### TASK DIRECTIONS
Look through the entries below for the line with "Collusion Shirred Halterneck" and the line with "Robert Wright Outsider", then give again exactly those two lines and all lines between them, minus the pictures.
SUPPLIED MATERIAL Block Start
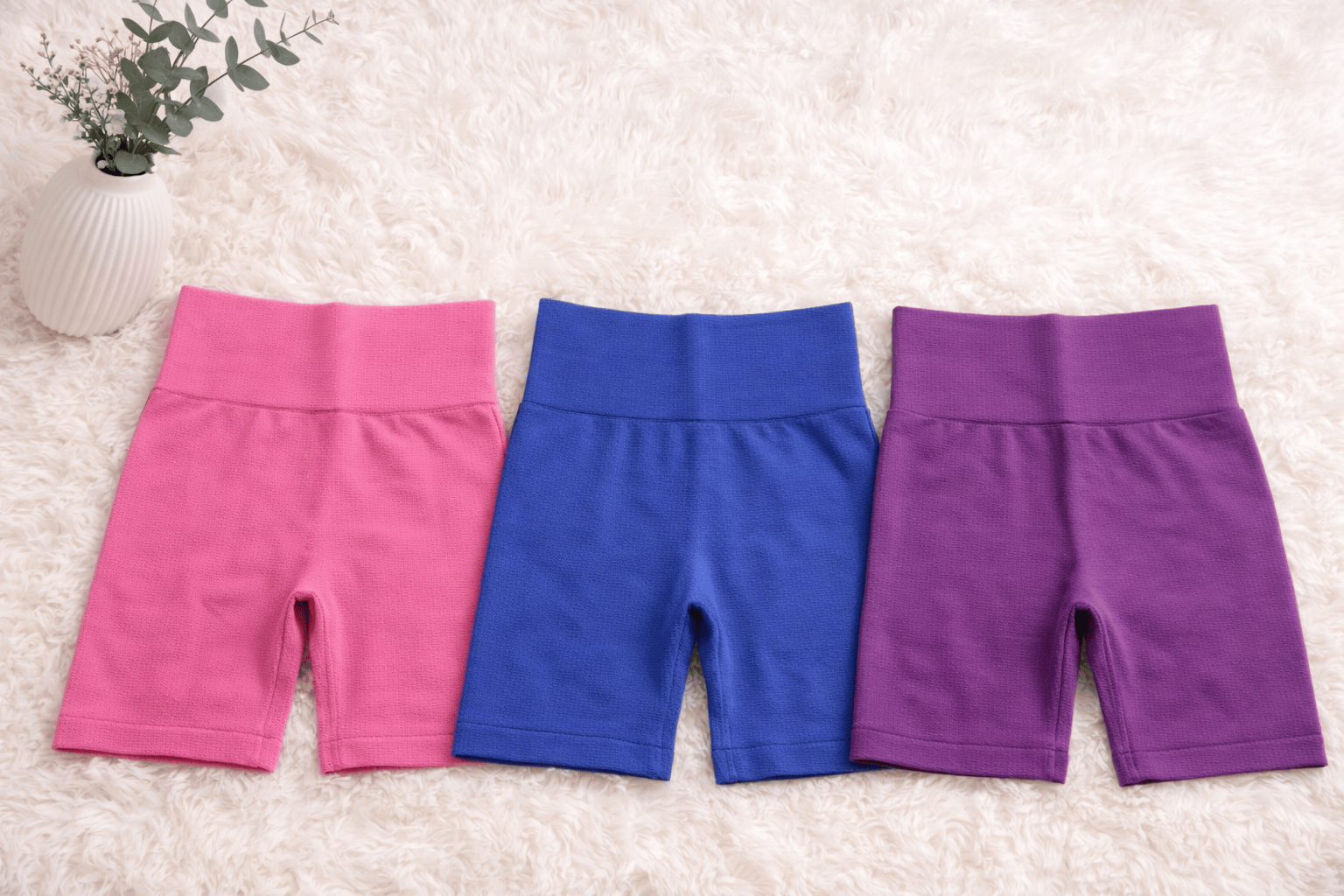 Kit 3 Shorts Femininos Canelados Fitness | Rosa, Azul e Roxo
SUPPLIED MATERIAL Block End
SUPPLIED MATERIAL Block Start
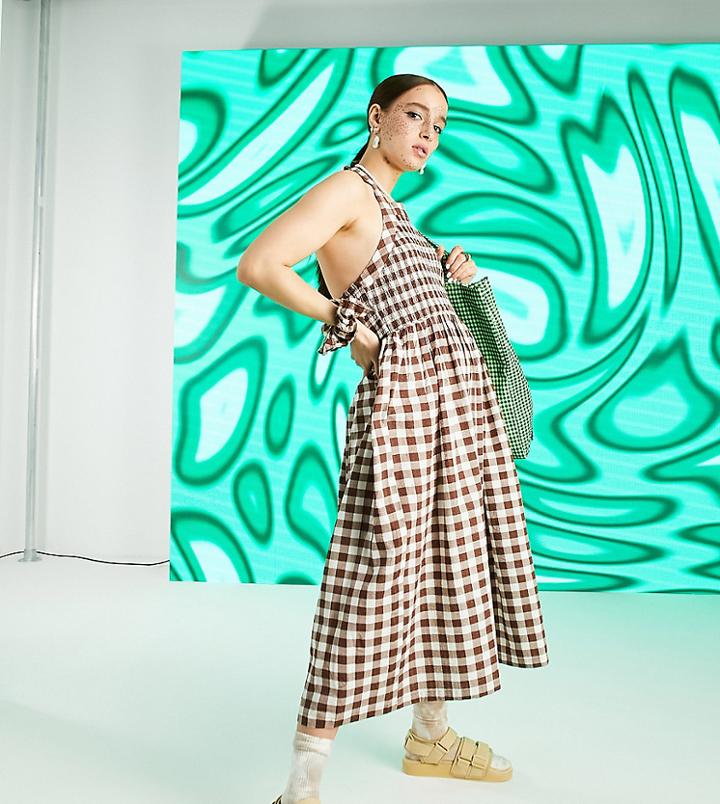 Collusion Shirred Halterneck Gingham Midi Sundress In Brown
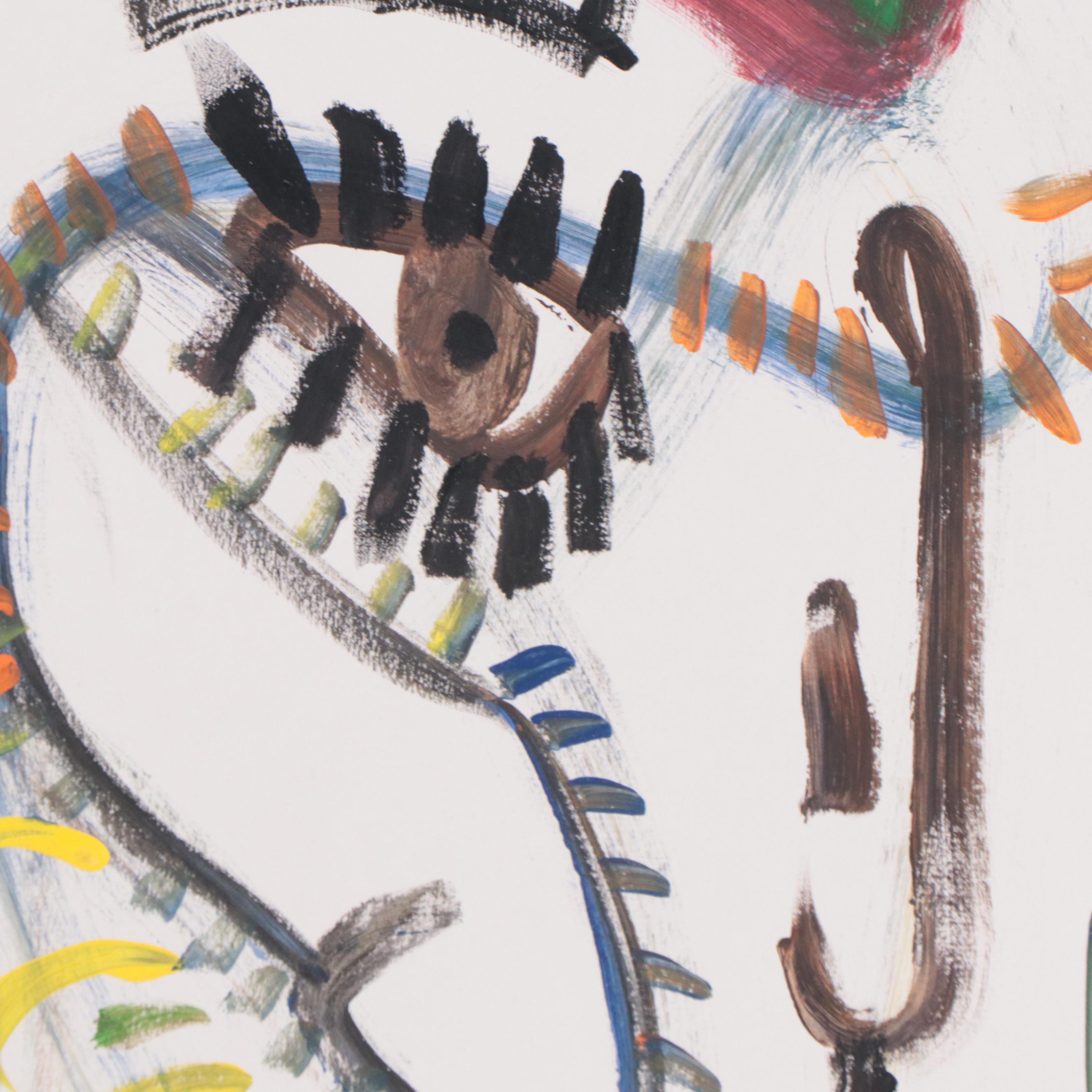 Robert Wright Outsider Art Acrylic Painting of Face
SUPPLIED MATERIAL Block End
### FINISHED TASK
 Collusion Shirred Halterneck Gingham Midi Sundress In Brown
 Robert Wright Outsider Art Acrylic Painting of Face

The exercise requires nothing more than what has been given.